# PROBLEM TO WORK ON
Give the lines below again, exactly as they stand, and leave out the images.

Start of EXERCISE MATERIAL

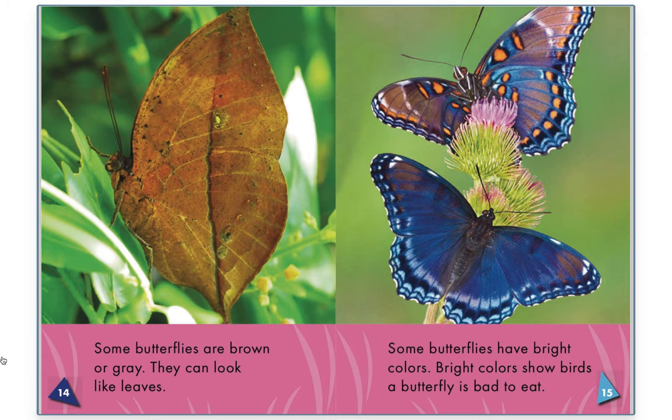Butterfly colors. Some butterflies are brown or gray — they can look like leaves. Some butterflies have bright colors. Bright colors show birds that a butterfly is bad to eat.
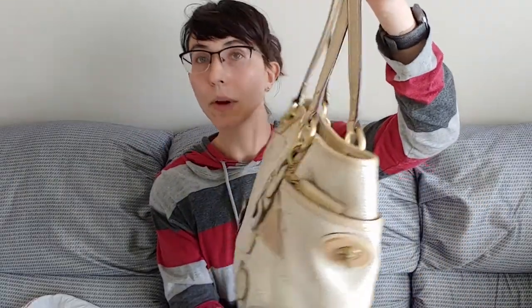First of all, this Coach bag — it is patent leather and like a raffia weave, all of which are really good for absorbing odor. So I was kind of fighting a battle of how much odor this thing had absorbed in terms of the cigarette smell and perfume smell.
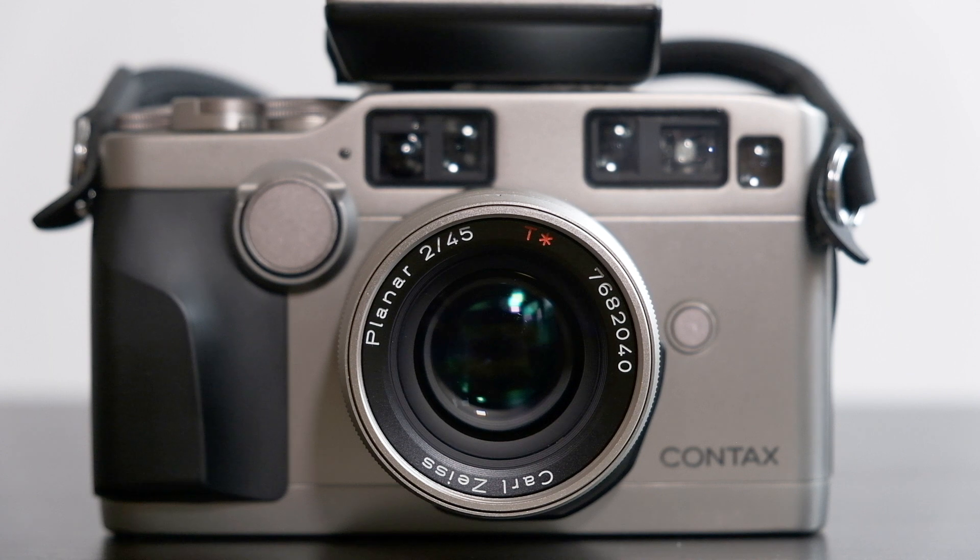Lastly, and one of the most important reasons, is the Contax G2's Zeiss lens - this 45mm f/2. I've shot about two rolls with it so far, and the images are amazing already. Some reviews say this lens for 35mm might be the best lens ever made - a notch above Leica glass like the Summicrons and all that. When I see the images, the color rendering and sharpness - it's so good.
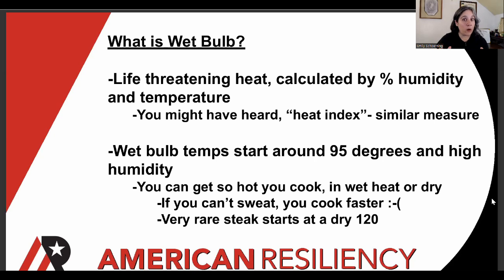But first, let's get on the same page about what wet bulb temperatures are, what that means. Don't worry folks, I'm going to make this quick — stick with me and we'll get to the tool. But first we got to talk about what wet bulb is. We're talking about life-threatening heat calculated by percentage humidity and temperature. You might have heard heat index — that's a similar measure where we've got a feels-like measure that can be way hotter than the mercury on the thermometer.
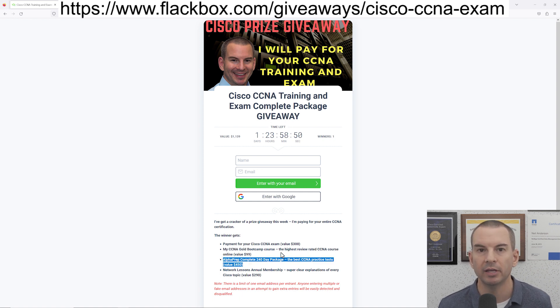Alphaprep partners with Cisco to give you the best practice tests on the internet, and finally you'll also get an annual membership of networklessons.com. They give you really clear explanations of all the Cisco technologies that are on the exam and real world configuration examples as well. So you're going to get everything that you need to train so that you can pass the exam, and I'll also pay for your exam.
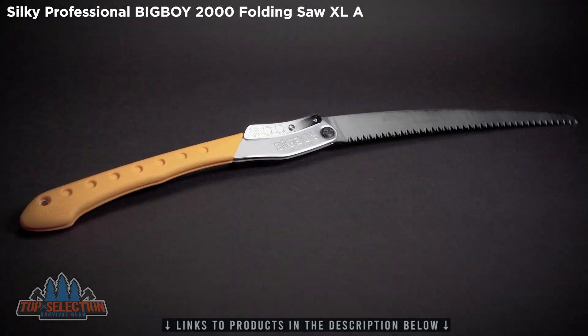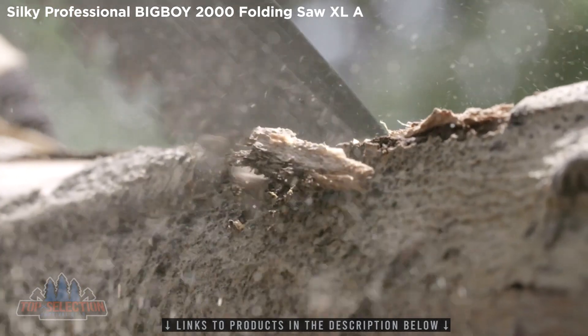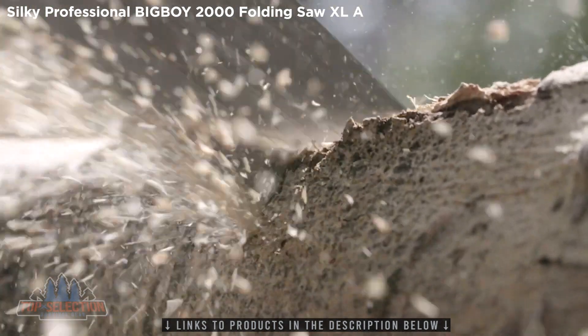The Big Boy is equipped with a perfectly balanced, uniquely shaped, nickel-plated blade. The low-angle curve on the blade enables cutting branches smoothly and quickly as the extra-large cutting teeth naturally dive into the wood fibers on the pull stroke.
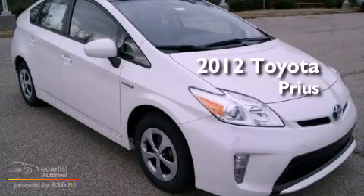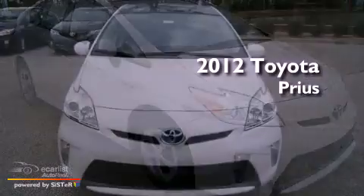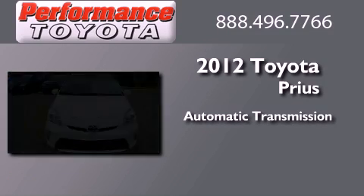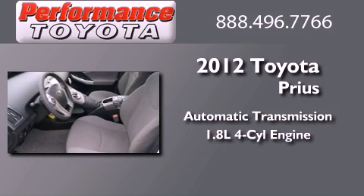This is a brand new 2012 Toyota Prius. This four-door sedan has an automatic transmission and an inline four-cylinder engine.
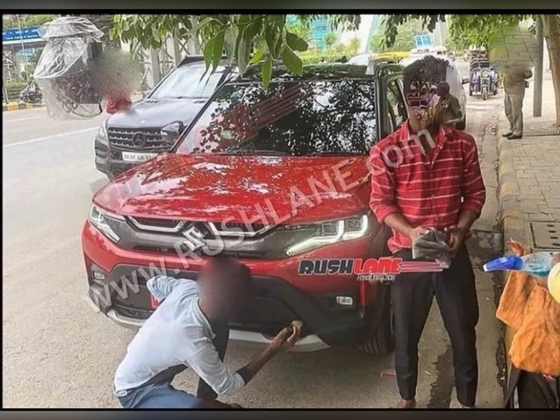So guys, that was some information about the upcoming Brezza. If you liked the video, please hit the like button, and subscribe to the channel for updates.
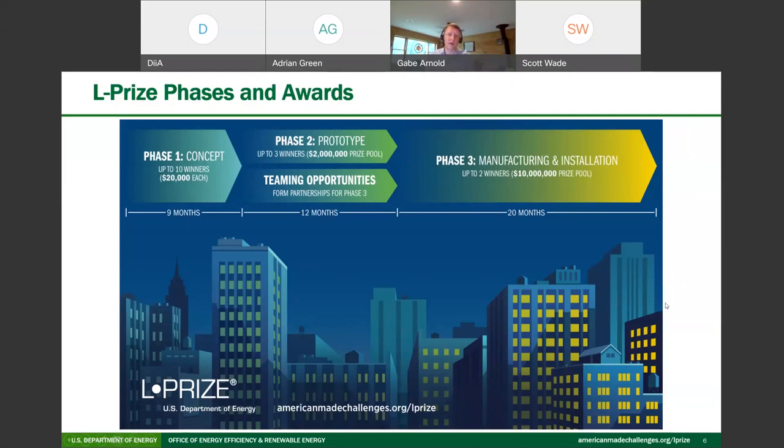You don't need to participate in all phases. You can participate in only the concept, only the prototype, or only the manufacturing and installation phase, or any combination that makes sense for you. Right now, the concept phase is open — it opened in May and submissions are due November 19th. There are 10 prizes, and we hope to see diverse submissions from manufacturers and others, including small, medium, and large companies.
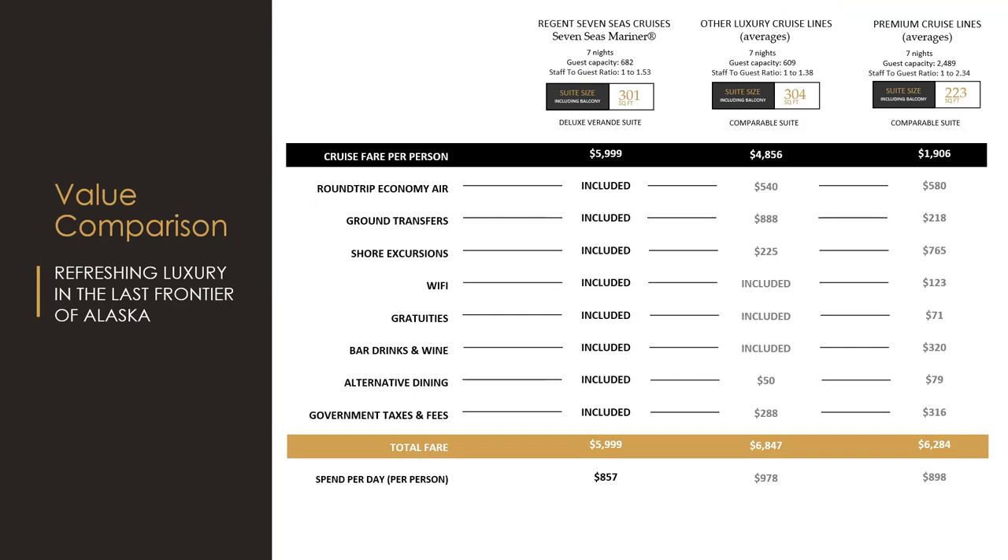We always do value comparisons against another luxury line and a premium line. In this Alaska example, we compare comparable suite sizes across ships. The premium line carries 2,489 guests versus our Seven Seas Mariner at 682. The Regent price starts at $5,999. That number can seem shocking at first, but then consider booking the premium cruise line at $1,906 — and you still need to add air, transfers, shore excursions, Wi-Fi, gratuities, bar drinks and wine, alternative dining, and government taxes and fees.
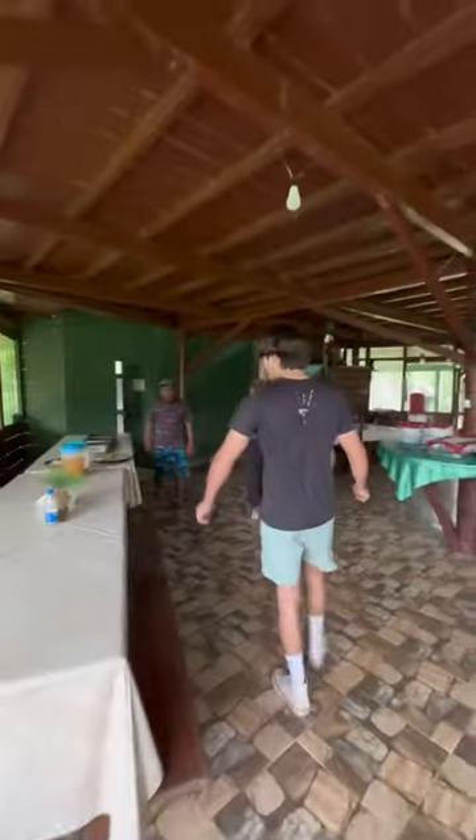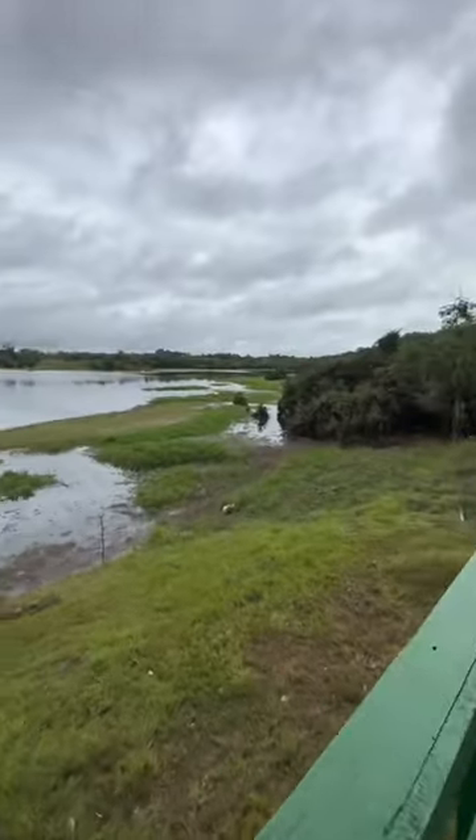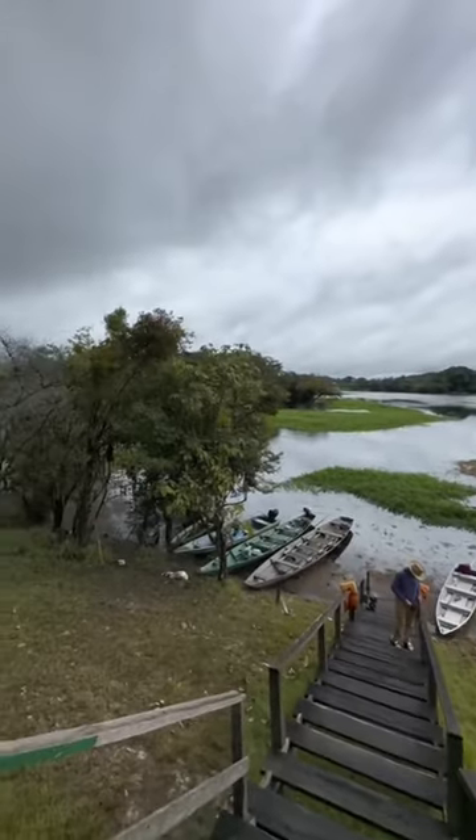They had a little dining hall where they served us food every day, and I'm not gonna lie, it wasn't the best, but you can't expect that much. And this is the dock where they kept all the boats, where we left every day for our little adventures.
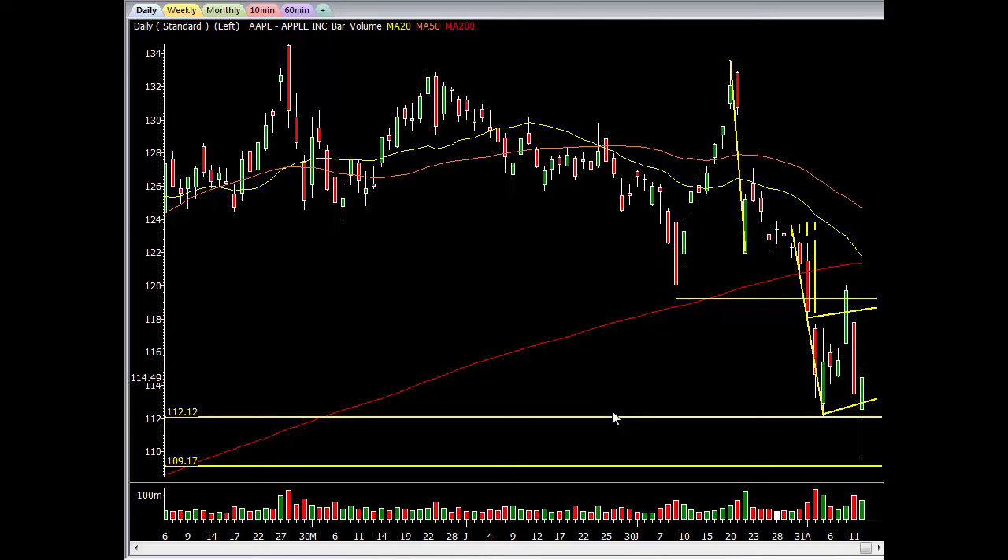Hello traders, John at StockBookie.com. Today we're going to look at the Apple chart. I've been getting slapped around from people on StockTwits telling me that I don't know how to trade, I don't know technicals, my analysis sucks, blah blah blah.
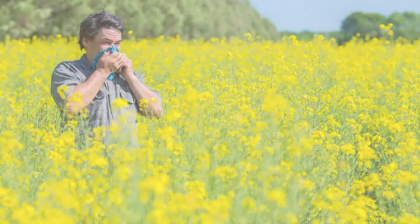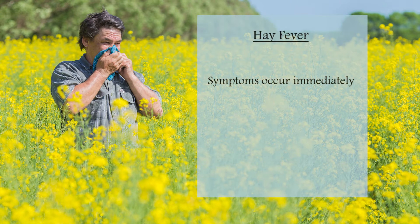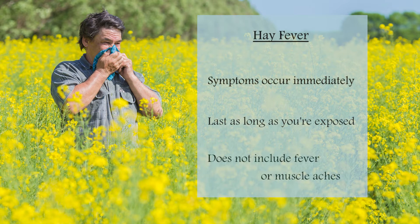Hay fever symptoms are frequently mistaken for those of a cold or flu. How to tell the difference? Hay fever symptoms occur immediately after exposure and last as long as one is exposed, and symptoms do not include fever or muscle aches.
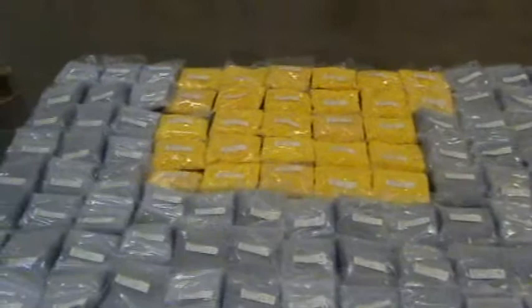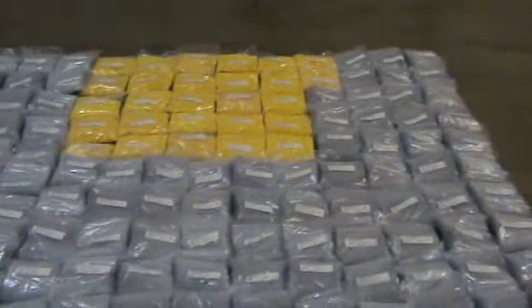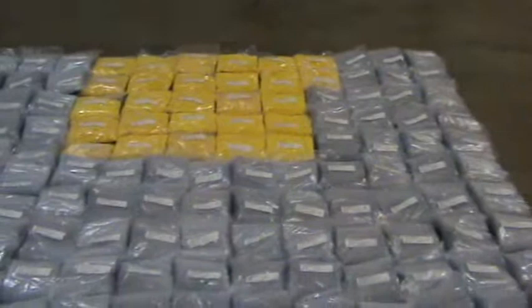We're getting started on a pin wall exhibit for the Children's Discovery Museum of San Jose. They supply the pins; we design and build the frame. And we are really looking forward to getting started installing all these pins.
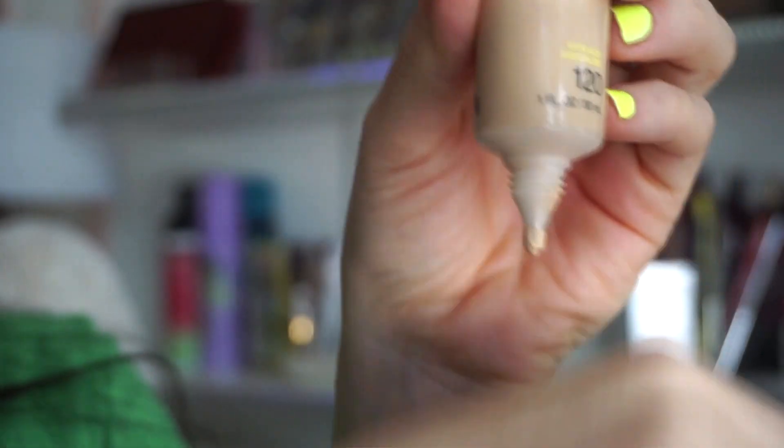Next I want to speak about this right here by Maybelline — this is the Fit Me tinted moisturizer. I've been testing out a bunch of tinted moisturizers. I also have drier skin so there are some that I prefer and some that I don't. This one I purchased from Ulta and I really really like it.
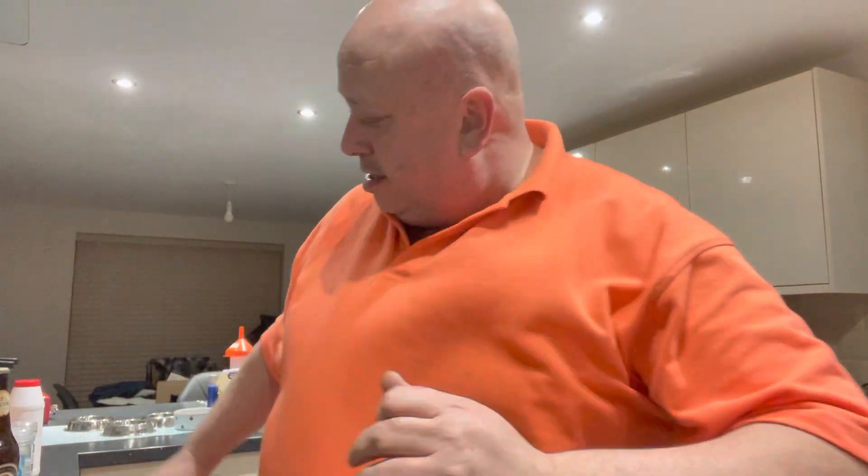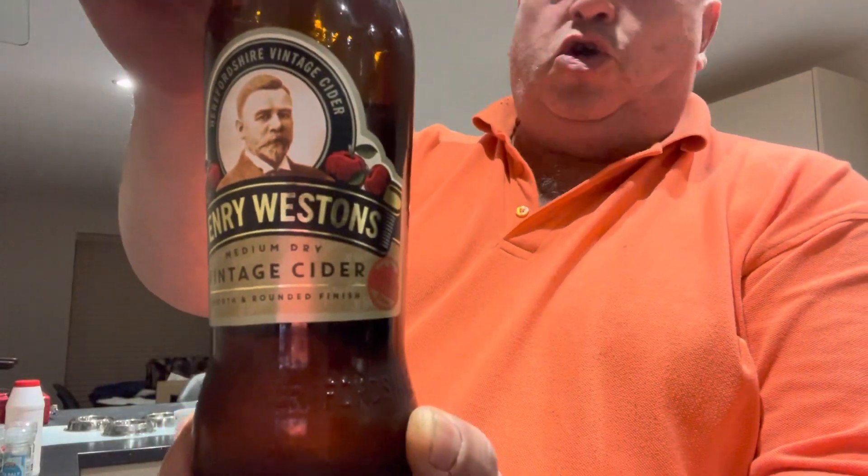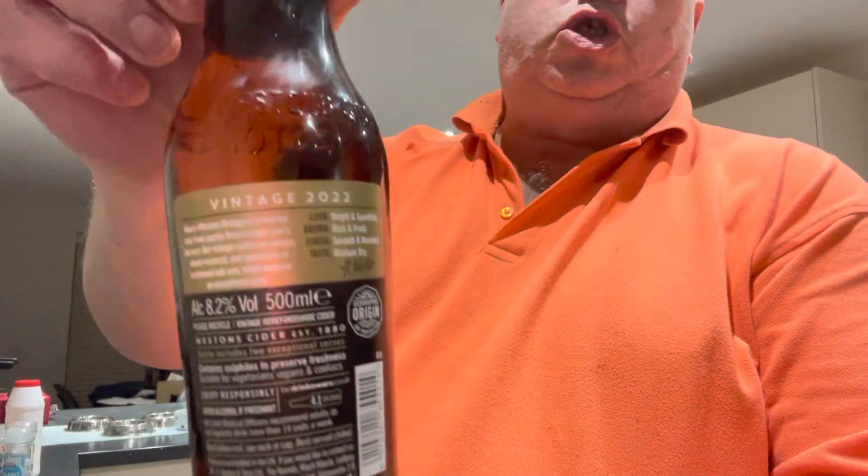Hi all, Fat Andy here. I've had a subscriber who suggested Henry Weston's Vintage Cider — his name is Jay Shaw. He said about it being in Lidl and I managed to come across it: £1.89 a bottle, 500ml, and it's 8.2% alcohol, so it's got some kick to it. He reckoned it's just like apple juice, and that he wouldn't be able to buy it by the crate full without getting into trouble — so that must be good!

End of EXERCISE MATERIAL

# EXERCISE OUTPUT
Butterfly colors. Some butterflies are brown or gray — they can look like leaves. Some butterflies have bright colors. Bright colors show birds that a butterfly is bad to eat.
First of all, this Coach bag — it is patent leather and like a raffia weave, all of which are really good for absorbing odor. So I was kind of fighting a battle of how much odor this thing had absorbed in terms of the cigarette smell and perfume smell.
Lastly, and one of the most important reasons, is the Contax G2's Zeiss lens - this 45mm f/2. I've shot about two rolls with it so far, and the images are amazing already. Some reviews say this lens for 35mm might be the best lens ever made - a notch above Leica glass like the Summicrons and all that. When I see the images, the color rendering and sharpness - it's so good.
But first, let's get on the same page about what wet bulb temperatures are, what that means. Don't worry folks, I'm going to make this quick — stick with me and we'll get to the tool. But first we got to talk about what wet bulb is. We're talking about life-threatening heat calculated by percentage humidity and temperature. You might have heard heat index — that's a similar measure where we've got a feels-like measure that can be way hotter than the mercury on the thermometer.
Alphaprep partners with Cisco to give you the best practice tests on the internet, and finally you'll also get an annual membership of networklessons.com. They give you really clear explanations of all the Cisco technologies that are on the exam and real world configuration examples as well. So you're going to get everything that you need to train so that you can pass the exam, and I'll also pay for your exam.
The Big Boy is equipped with a perfectly balanced, uniquely shaped, nickel-plated blade. The low-angle curve on the blade enables cutting branches smoothly and quickly as the extra-large cutting teeth naturally dive into the wood fibers on the pull stroke.
This is a brand new 2012 Toyota Prius. This four-door sedan has an automatic transmission and an inline four-cylinder engine.
So guys, that was some information about the upcoming Brezza. If you liked the video, please hit the like button, and subscribe to the channel for updates.
You don't need to participate in all phases. You can participate in only the concept, only the prototype, or only the manufacturing and installation phase, or any combination that makes sense for you. Right now, the concept phase is open — it opened in May and submissions are due November 19th. There are 10 prizes, and we hope to see diverse submissions from manufacturers and others, including small, medium, and large companies.
We always do value comparisons against another luxury line and a premium line. In this Alaska example, we compare comparable suite sizes across ships. The premium line carries 2,489 guests versus our Seven Seas Mariner at 682. The Regent price starts at $5,999. That number can seem shocking at first, but then consider booking the premium cruise line at $1,906 — and you still need to add air, transfers, shore excursions, Wi-Fi, gratuities, bar drinks and wine, alternative dining, and government taxes and fees.
They had a little dining hall where they served us food every day, and I'm not gonna lie, it wasn't the best, but you can't expect that much. And this is the dock where they kept all the boats, where we left every day for our little adventures.
Hello traders, John at StockBookie.com. Today we're going to look at the Apple chart. I've been getting slapped around from people on StockTwits telling me that I don't know how to trade, I don't know technicals, my analysis sucks, blah blah blah.
Hay fever symptoms are frequently mistaken for those of a cold or flu. How to tell the difference? Hay fever symptoms occur immediately after exposure and last as long as one is exposed, and symptoms do not include fever or muscle aches.
We're getting started on a pin wall exhibit for the Children's Discovery Museum of San Jose. They supply the pins; we design and build the frame. And we are really looking forward to getting started installing all these pins.
Next I want to speak about this right here by Maybelline — this is the Fit Me tinted moisturizer. I've been testing out a bunch of tinted moisturizers. I also have drier skin so there are some that I prefer and some that I don't. This one I purchased from Ulta and I really really like it.
Hi all, Fat Andy here. I've had a subscriber who suggested Henry Weston's Vintage Cider — his name is Jay Shaw. He said about it being in Lidl and I managed to come across it: £1.89 a bottle, 500ml, and it's 8.2% alcohol, so it's got some kick to it. He reckoned it's just like apple juice, and that he wouldn't be able to buy it by the crate full without getting into trouble — so that must be good!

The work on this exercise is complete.